PROBLEM REQUIREMENTS → Return, word for word, every line starting at the line with "酱汤牛肉火锅-花腰餐吧Bistro烧烤 傣味(传媒大学店)" and ending at the final line of the entries; skip the pictures.

DATA IN THIS EXERCISE →
»»

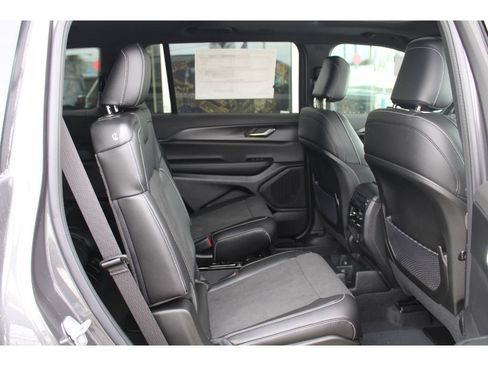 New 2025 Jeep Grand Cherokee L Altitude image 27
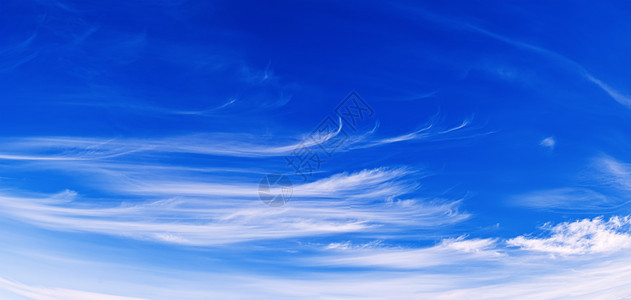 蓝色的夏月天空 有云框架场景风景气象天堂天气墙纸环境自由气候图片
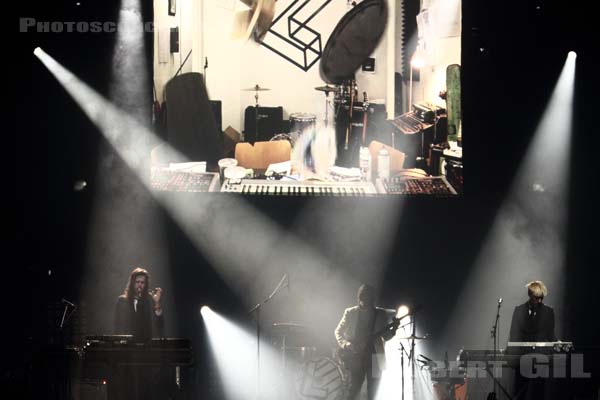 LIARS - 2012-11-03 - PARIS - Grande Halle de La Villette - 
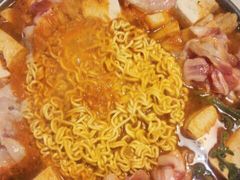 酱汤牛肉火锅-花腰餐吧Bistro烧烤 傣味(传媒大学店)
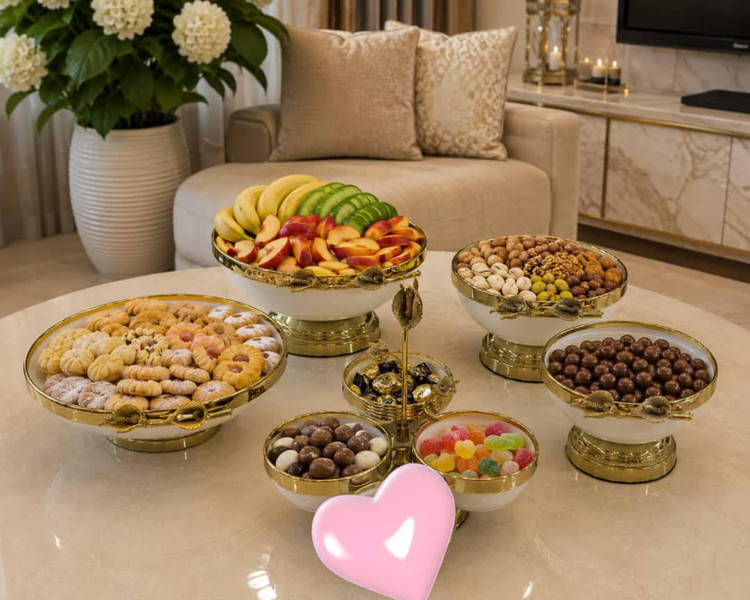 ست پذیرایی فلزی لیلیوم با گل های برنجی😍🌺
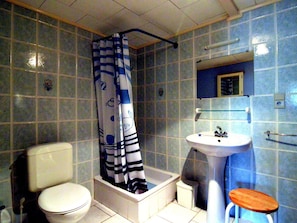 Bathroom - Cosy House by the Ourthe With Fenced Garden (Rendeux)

««

RESULT OF THE TASK →
 酱汤牛肉火锅-花腰餐吧Bistro烧烤 傣味(传媒大学店)
 ست پذیرایی فلزی لیلیوم با گل های برنجی😍🌺
 Bathroom - Cosy House by the Ourthe With Fenced Garden (Rendeux)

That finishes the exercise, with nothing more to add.